The salient point here is that Wall Street hates the fiduciary rule and they’re fighting, hard, to overturn it, just as they’re still fighting hard to overturn the new overtime rules — another Obama initiative that stands to benefit millions of people even though it is precisely the opposite of what “Wall Street” or “Goldman Sachs and Chase Manhattan” want and even though the banksters are using all of their political clout to fight against these things.

Both of these are clear and important examples of Obama vs. “Wall Street.” They’re also examples of Obama vs. Wall Street + Congress. For now, Obama seems to be winning those contests, but the outcome remains uncertain due, in part, to his lack of public support from the sort of people who prefer to indulge in feeling all warm and tingly by saying things like “I expect Obama to do whatever he is told to do by Wall Street” and the sort of people who refuse to taint their holiness with the ugly business of politics as they sit out the midterms and await the great leap forward.
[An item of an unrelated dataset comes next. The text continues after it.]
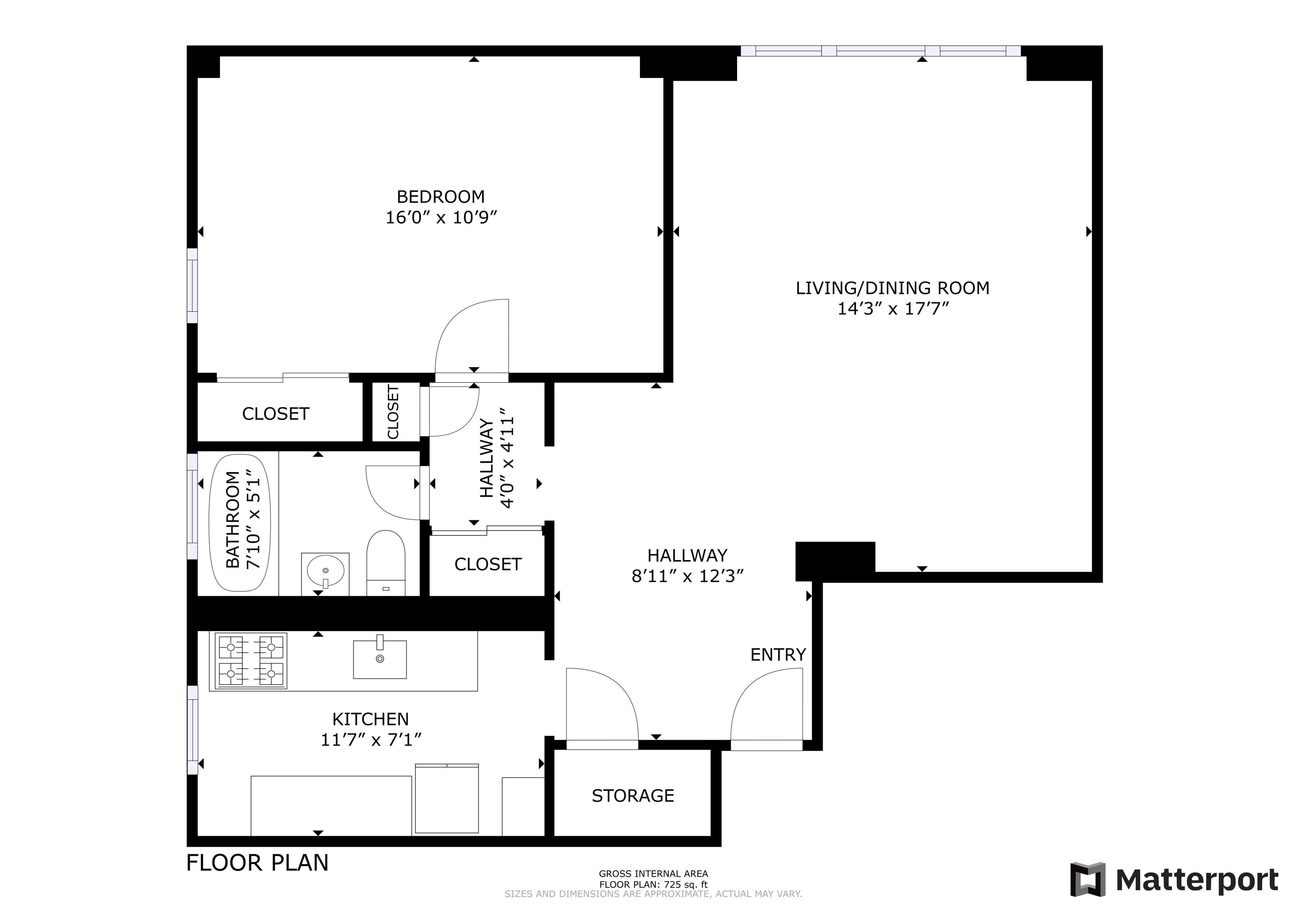 Floorplan for 21-25 34th Avenue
It’s quite likely that, like me, you won’t be directly affected by the fiduciary rule. Retirement savings? Investments? You might as well be talking about Narnian castles as far as I’m concerned. So the battle in this specific moment doesn’t affect me directly in the way that some of the other Obama vs. Wall Street battles have — like the long fight to create and fortify the CFPB. One of the things that agency has been doing is beating back at the “overdraft protection” racket, which annually transfers more than $30 billion out of the accounts of people living paycheck-to-paycheck and into the pockets of the banksters.

To a clean-handed purist bystander, I suppose, that’s just nibbling around the edges or rearranging the deckchairs on the Titanic. To me, that’s a series of $35 fees hitting at precisely those moments when I haven’t got $35. And to tens of millions of others like me, that’s $30 billion a year that we’d kind of like to keep. Fighting against the reverse-Robin-Hood overdraft wealth transfer may not be a magic bullet solution that will usher in economic utopia, but it’s a Good Thing and a necessary thing. Of course it’s not the only fight, but dismiss it as a meaningless sideshow and it becomes a fight we lose by forfeit.

I still don’t know what “neoliberalism” means any more than the people who keep saying that word do. But to the extent that “neoliberal” means anything, this is why the neoliberals will always win against their critics. Because those “neoliberals” are out on the playing field, running up the score, while their critics sit on the sidelines, refusing to get their uniforms dirty with anything as impure as politics.

Politics ain’t beanbag, but it ain’t Tic-Tac-Toe, either, Professor Falken. Not to play is not a winning move. Refusing to play just guarantees you’ll always lose.